カレンちゃん――本名は<井原花蓮(いはら かれん)(15)>。
おしゃれが大好きな女の子で、淡いピンク色の髪を肩にかかるくらいまで伸ばし、横の髪だけを細く三つ編みにして後ろでまとめている。三つ編みハーフアップボブというらしい。
私はおしゃれに疎いのでよくわからないが、服装も可愛いということだけはわかる。
「僕のギフトなんて、大したものじゃなかったのに…… それでも受かったんだ。みんななら絶対大丈夫だよ。頑張って!」
宙ちゃんは苦笑しながら励ましてくれるが、私はその笑顔に少し引っかかりを覚える……
「宙弥君、そう自分を卑下するのは良くないわ――よぉ?」
そんな宙ちゃんにカレンちゃんが、私の胸の中のもやっとした気持ちをそのまま言葉にしてくれた。
「きみってぇ、ギフトで人生を決める人が多い中でぇ、その恩恵がなくても聖徒戦士を目指してぇ…… 努力で合格と卒業まで掴んだんだもん、カレンはすっごく偉いと思うよぉ?」
宙ちゃんは頑張って聖徒戦士になれたんだから、卑屈にならずに自信を持ってほしいと思ったのだ。

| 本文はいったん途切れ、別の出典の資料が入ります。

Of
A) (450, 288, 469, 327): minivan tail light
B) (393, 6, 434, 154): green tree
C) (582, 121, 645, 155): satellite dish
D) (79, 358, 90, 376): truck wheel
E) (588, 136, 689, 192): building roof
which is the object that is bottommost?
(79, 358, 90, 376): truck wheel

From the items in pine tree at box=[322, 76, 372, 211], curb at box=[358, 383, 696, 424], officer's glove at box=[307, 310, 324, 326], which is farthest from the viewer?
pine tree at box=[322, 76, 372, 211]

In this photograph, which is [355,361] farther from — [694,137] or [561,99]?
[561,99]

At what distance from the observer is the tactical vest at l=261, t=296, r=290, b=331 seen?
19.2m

「そうだよ、宙弥さん!私だったら、別の職業を目指しているよ! 何を目指したかわかんないけどっ!」
(リズちゃんの言う通りだよ! 私も五年前にそれで諦めようと考えたんだもん……)
私も五年前のギフト授与で外れギフトを与えられ、諦めて司祭になろうと考えた。
怖かったのもあるけど……
それでも、私がもう一度聖徒戦士を目指そうと思った理由の一つは……
「宙ちゃんが、ハズレギフトでも聖徒戦士になるために、毎日毎日鍛錬を頑張っている姿を見たから…… 私も頑張ろうって思ったんだよ!」
今まで言えなかった感謝の気持ちを、思わずそのまま口に出していた。
「みんな、ありがとう……」
宙ちゃんは少し照れくさそうに微笑むと、頭を掻きながら言葉を続ける。
「それにしても、みんなを励ますつもりが、逆に励まされるなんて……」
その言葉に、まずカレンちゃんがすかさず入る。
「確かに、そこは年上としてもっと配慮のある会話ができるべき―― だと思うよぉ?」
容赦がない。
そして続くリズちゃん。
「それは、宙弥さんがヲタクで、会話慣れしてないから仕方ないんだよね!」
トドメの一撃だった。
「あっ…… はい。なんか…… ごめん……」
カレンちゃんの遠慮ゼロの指摘と、リズちゃんのフォローになってないフォローが重なって、宙ちゃんのメンタルはみるみる削られていくのだった。
神と魔法と科学が共存する世界。
唯一神を信仰する【ハギオス教教会】が人類社会を導き、
魔王率いる【魔のモノ】と戦う【聖徒戦士】たちが人々を守っていた。
その【聖徒戦士】を目指す少女――
主人公の一人、<ユミハ・H・ハスキン(15)>も、例外ではなかった。
#####
(……試験、行きたくないな)
鏡を見つめながら、私は「はぁ~」と息を吐く。
今日だけで何度目のため息だろう。
鏡の中の私は眉がハの字のままで、蒼い瞳もやけに薄く見える。
いつもなら心地よい朝のそよ風も、白金色の髪をただ不安に揺らす。
私は“先生”にもらった白い鳩の髪留めをそっとつけた。
お気に入りのはずなのに、今はその鳩さんも沈んでいるように見える。
今日は【聖徒戦士養成学校】の入試の日。
けれど私は、ここへ来て急に怖くなっていた。
三歳の頃から夢の中で聞いてきた“あの声”がなければ、きっと選ばなかった道だ。
本当は―― いや、むしろできることなら聖徒戦士になんてなりたくない。
なぜなら、聖徒戦士の戦場は魔界。
つまり【魔のモノ】と命を賭けて戦う仕事だ。
そんなの怖くて無理だ……
それでも私が聖徒戦士を目指すことになったのは、幼い頃から夢の中で暖かな光に、『ユミハよ。聖徒戦士になり、世界と人々を救うのだ』
――そう、何度も囁かれ続けてきたから。
でも、今にして思えばあれは“導かれた”というより、“誘導された”のかもしれない。
その後、十歳の時に神様から与えられる【ギフト】が原因で、これ幸いと母親と同じ司祭になろうと考えなおした。私の夢を叶えるには、この方法でも大丈夫だとこの時は思っていたからだ。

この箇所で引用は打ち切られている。